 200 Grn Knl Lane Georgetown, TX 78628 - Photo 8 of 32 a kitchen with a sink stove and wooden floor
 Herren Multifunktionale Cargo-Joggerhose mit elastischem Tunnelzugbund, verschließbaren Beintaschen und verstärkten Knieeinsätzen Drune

---+---

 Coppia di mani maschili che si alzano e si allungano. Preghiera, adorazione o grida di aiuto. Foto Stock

---+---

● REQUIRED ACTION:
Could you set down, word for word, only the lines above from the line with "200 Grn Knl" to the line with "Herren Multifunktionale Cargo-Joggerhose", including both?

● RESULT:
 200 Grn Knl Lane Georgetown, TX 78628 - Photo 8 of 32 a kitchen with a sink stove and wooden floor
 Herren Multifunktionale Cargo-Joggerhose mit elastischem Tunnelzugbund, verschließbaren Beintaschen und verstärkten Knieeinsätzen Drune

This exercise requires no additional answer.